What is the 'Interquartile Range' (IQR) and what does it represent?

The IQR is the difference between the upper quartile ($Q_3$) and the lower quartile ($Q_1$). It represents the spread of the middle $50\%$ of the data and is a measure of dispersion that is less affected by outliers than the total range.

What is the purpose of a 'Key' in a stem-and-leaf diagram?

The key explains how to interpret the digits in the diagram. It defines the place value of the stem and the leaf, ensuring the reader knows if $1 | 2$ means $1.2$, $12$, or $120$.

How do you identify an outlier on a box plot?

Outliers are individual data points that fall significantly outside the main body of data. They are often plotted as individual crosses or dots beyond the ends of the whiskers.

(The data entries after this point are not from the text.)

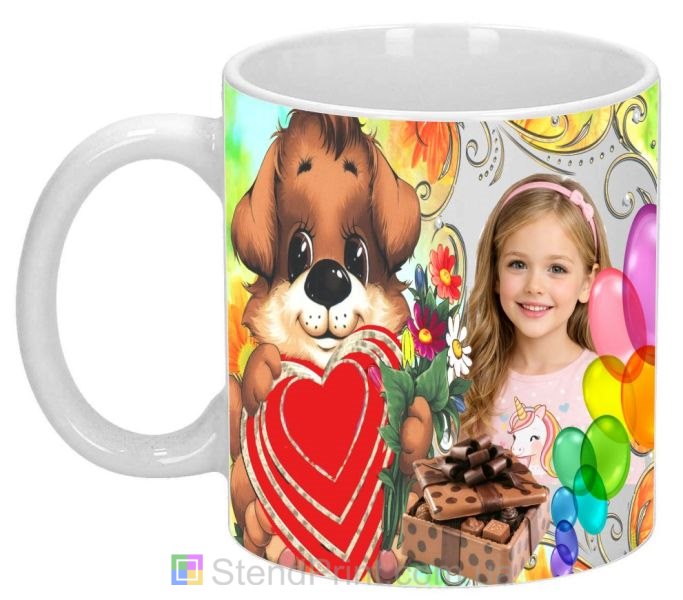 Дитяча кружка з фото цуценя кульки подарунок дитині замовити онлайн Код-40291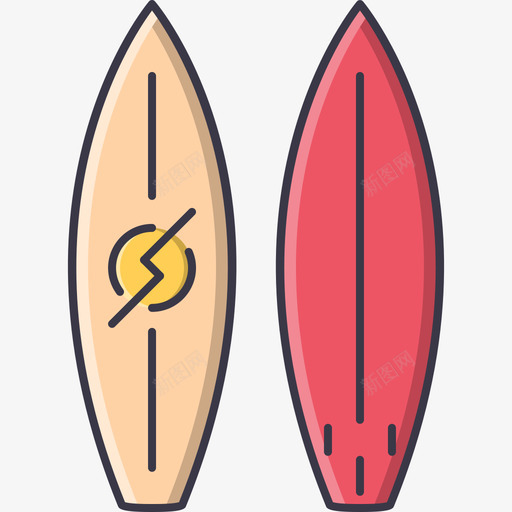 冲浪板运动器材5彩色图标svg_新图网 https://ixintu.com 冲浪板 彩色 运动器材5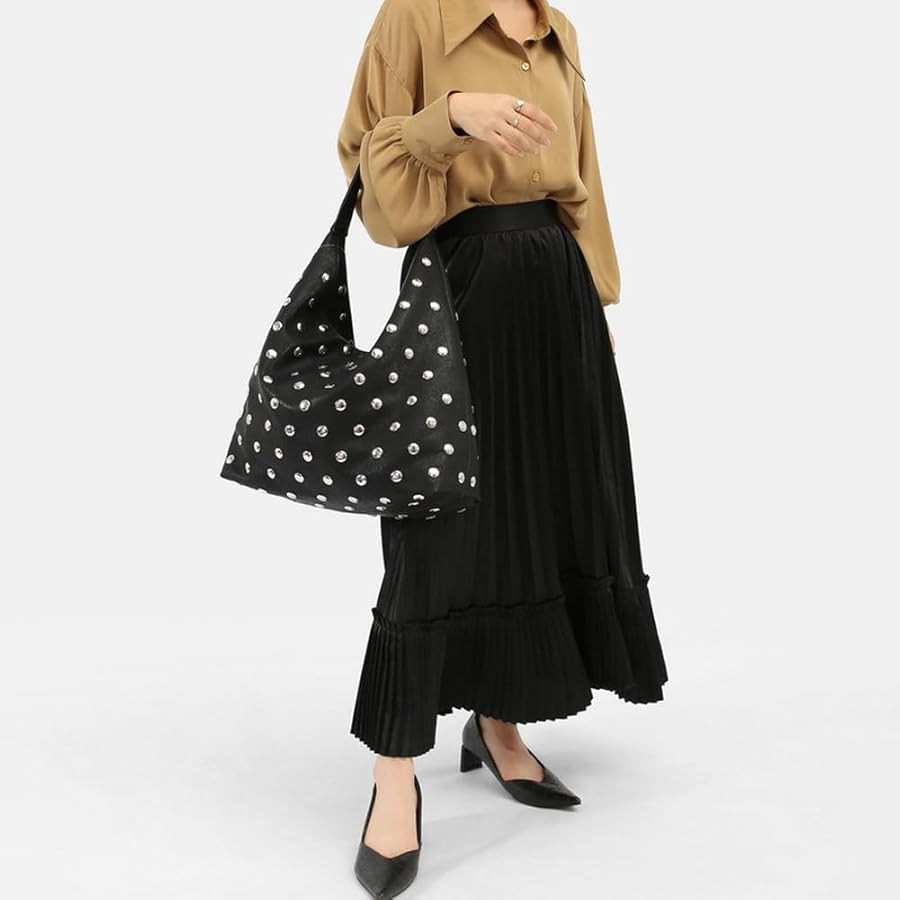 Studded Hobo Bags for Women Soft Vegan Leather Studded Shoulder Handbag Slouchy Tote Purses | Amazon (US)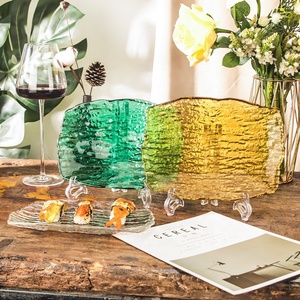 Assiette de service en verre coloré OEM, faite à la main, moderne, de luxe, carrée, pour les fêtes, les restaurants, les dîners, la vaisselle - Product Image 5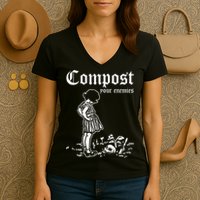 Compost Your Enemies Vintage Dark Women's V-Neck T-Shirt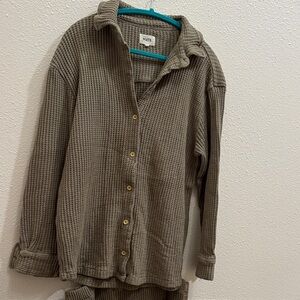 MATE Waffle Knit Button-Up Shirt & pants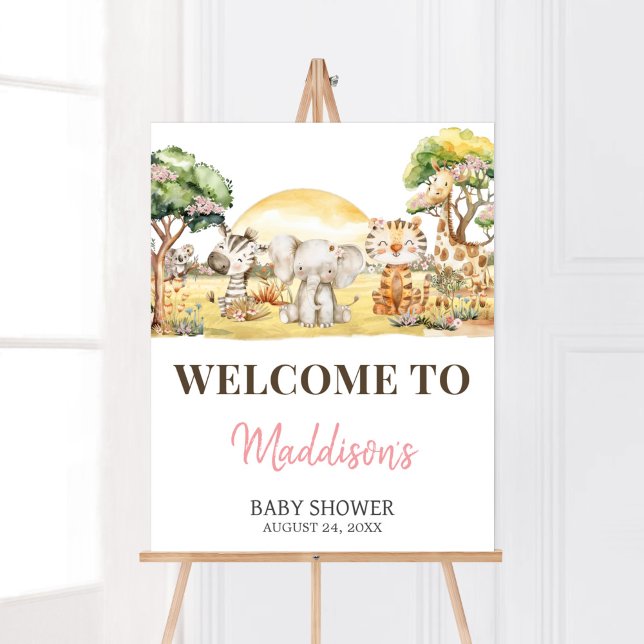 Poster Moça Floral Selgle Safari Sinal de Boas-vindas (Girl Safari Animals Baby Shower Welcome Sign)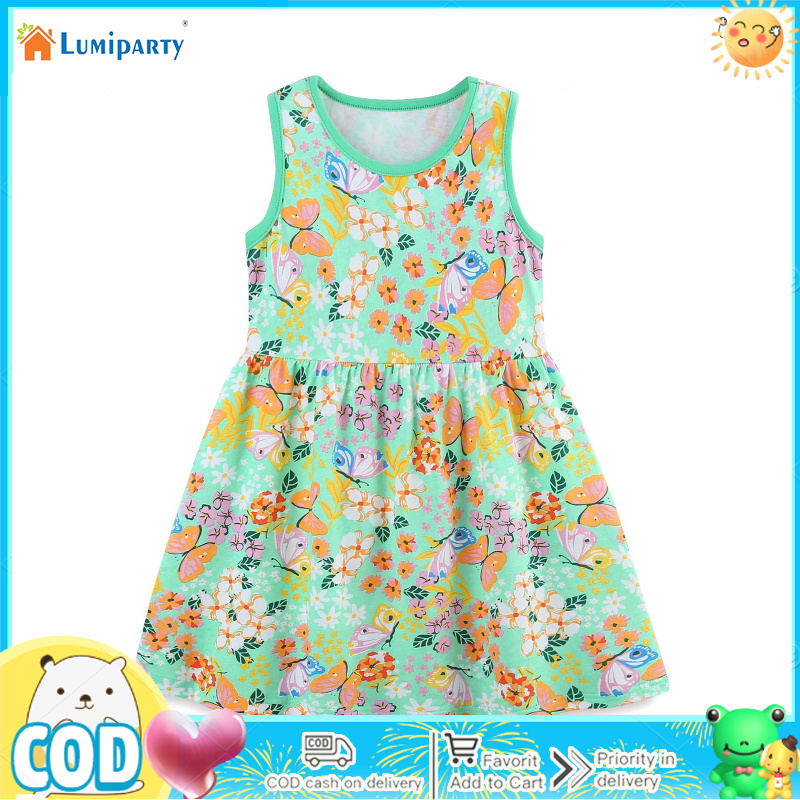 Summer Little Girls Cotton Tank Top Dress Sleeveless Loose Fit Cartoon Butterflies Flowers Print Dress ราคา 204 บาท*ส่งฟรี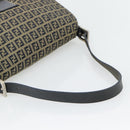 FENDI Zucchino Canvas Mamma Baguette Shoulder Bag Black Brown Auth 178902-7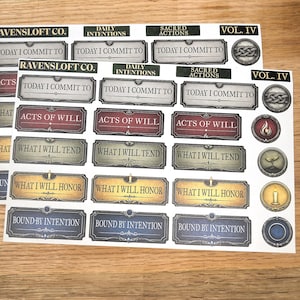 May include: Two sheets of stickers with text including "Today I Commit To," "Acts of Will," and "What I Will Tend." The stickers have a vintage design with decorative borders and icons. The text "Ravensloft Co." is also visible.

Data Presentation | Cambridge International Examinations AS-Level Maths

Revision Notes

AS-Level

Cambridge International Examinations

Maths

Probability And Statistics 1

Data Presentation & Interpretation

Data Presentation

Summary

Data presentation involves the systematic arrangement and visual representation of statistical information to reveal patterns, trends, and distributions. By selecting appropriate graphical tools like histograms, box plots, and cumulative frequency graphs, researchers can effectively communicate complex datasets and facilitate the calculation of key statistical measures such as the median and interquartile range.

1. Definition & Core Concepts

Data Presentation is the process of organizing raw data into visual formats that make the information easier to interpret and analyze. It transforms numerical lists into shapes and trends that highlight the distribution's center, spread, and skewness.
Raw Data refers to the original, unordered observations collected from a source, which often require grouping or sorting before they can be effectively displayed.
Continuous vs. Discrete Data: Continuous data can take any value within a range (e.g., height), while discrete data consists of distinct, separate values (e.g., number of pets). The choice of diagram often depends on this distinction.

2. Underlying Principles

A standard box plot diagram showing the minimum, quartiles, median, and maximum values.

3. Methods & Techniques

4. Key Distinctions

Feature	Histogram	Bar Chart
Data Type	Continuous grouped data	Discrete or qualitative data
Gaps	No gaps between bars	Gaps between bars
Y-Axis	Frequency Density	Frequency
Area	Area represents frequency	Height represents frequency

Box Plots vs. Stem-and-Leaf: While both show distribution, a stem-and-leaf diagram preserves every individual raw data point, whereas a box plot summarizes the data into five key statistics, losing the specific values but gaining clarity for comparison.

5. Exam Strategy & Tips

6. Common Pitfalls & Misconceptions

Plotting at Midpoints: A frequent error in cumulative frequency graphs is plotting the frequency at the midpoint of the class. Because cumulative frequency represents data 'up to' a value, it must always be plotted at the upper boundary of the class.
Height vs. Area: Students often incorrectly use frequency as the height for histogram bars even when class widths are unequal. Remember: if the widths vary, you must use frequency density.
Misinterpreting the Median: Adding a new high value to a dataset does not always change the median. If the new value stays on the same side of the existing median, the middle position may shift but the value might remain the same if there are duplicate middle values.